Solve : $x+y=2010$, $(\sqrt[3]{x}+\sqrt[3]{y})(\sqrt[3]{x}+11)(\sqrt[3]{y}+11)=2942$

From what you've done, we have that $$(1)\iff 2010=(u+v)^3-3uv(u+v)\tag3$$ and that $$(2)\iff uv(u+v)=2942-11(u+v)^2-121(u+v)\tag4$$

From $(3)(4)$, we have $$2010=(u+v)^3-3(2942-11(u+v)^2-121(u+v)),$$ i.e. $$t^3+33t^2+363t-10836=0\tag5$$ where $t=u+v$.

Now checking if a divisor of $10836=2^2\times 3^2\times 7\times 43$ is a solution, we see that $t=12$ is a solution to have $$(5)\iff (t-12)(t^2+45t+903)=0$$ where $t^2+45t+903\gt 0$ since $45^2-4\cdot 1\cdot 903\lt 60^2-4\times 900=0$.

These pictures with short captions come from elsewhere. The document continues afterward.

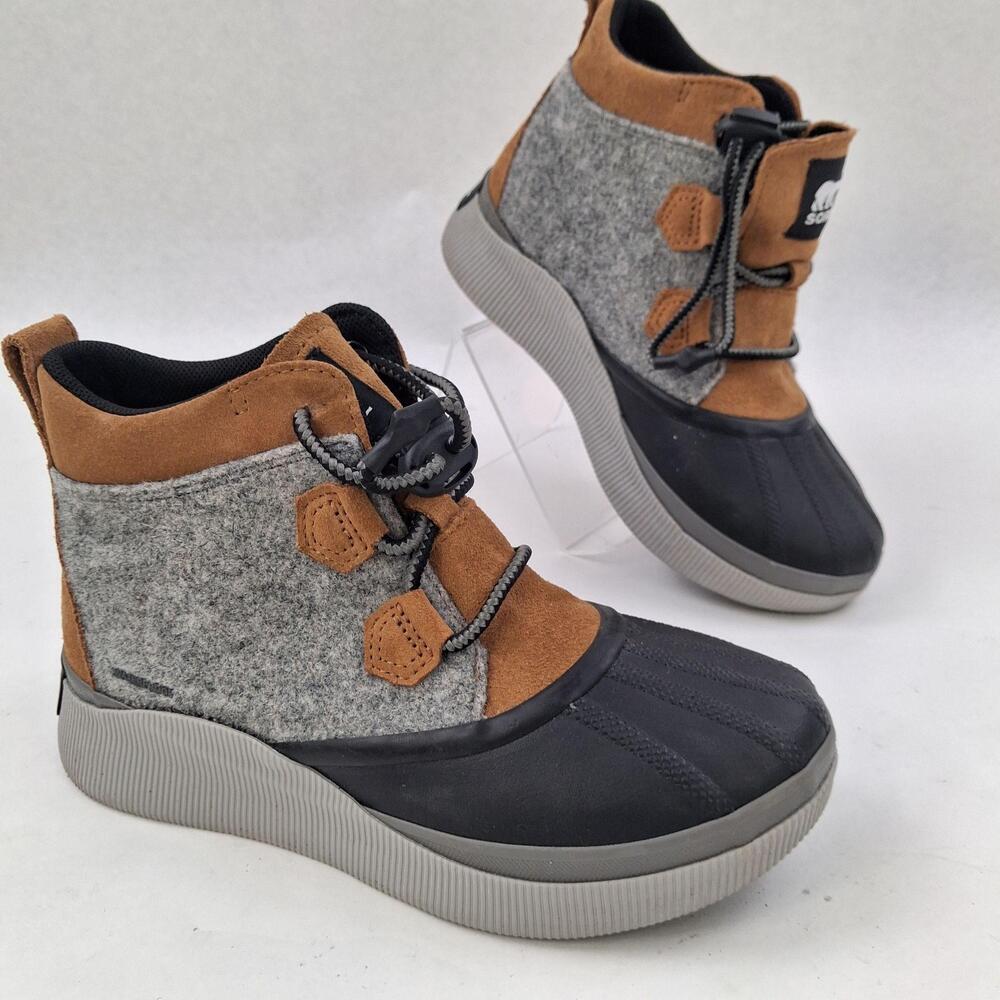 Sorel Snow Boots Mens Size 6 Gray Brown Waterproof Duck Ankle Winter NY5168-243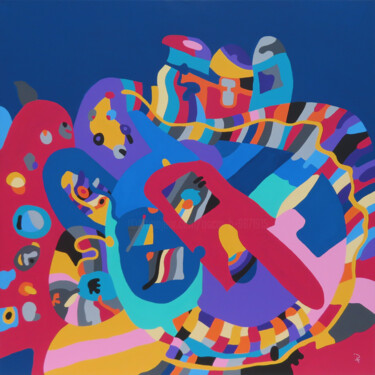 Pintura titulada "Zéphir" por Oscar B., Obra de arte original, Acrílico Montado en Bastidor de camilla de madera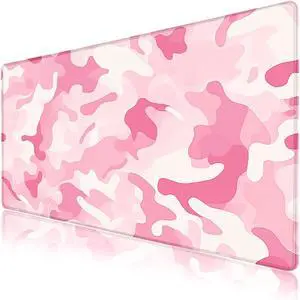 Minimalist Mouse Pad  Extra Large Non-Slip Desk Mat for Computer, Laptop & Keyboard - 31.5"x15.7", Non-Slip Rubber Base, Water-Resistant Surface, Extended Mousepad for Gamers & Office (Pink Camo)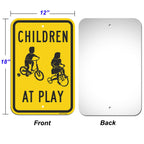 Slow Children at Play Signs 4 Pack, Slow Down Kids Playing Signature 18”x12” Rust Free .040 Aluminum, Fade Resistant Security Drive Slow Signs Black and Yellow G04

It follows from this that $$\sqrt[3]{x}+\sqrt[3]{y}=\color{red}{12}$$

u and v look quite similar, so I will just use a and b instead: $$3(a+b)(ab+11a+11b+121)+(a+b)(a^2-ab+b^2)=3\times2942+2010=10836$$ $$(a+b)(a^2+2ab+b^2+33a+33b+363)=10836$$ $$(a+b)((a+b)^2+33(a+b)+363)=10836$$ $$(a+b)^3+33(a+b)^2+363(a+b)-10836=0$$ Solving for $a+b$, the real root to this is $a+b=12$, so the answer is 12. I'm not sure if this is the desired approach, but it works.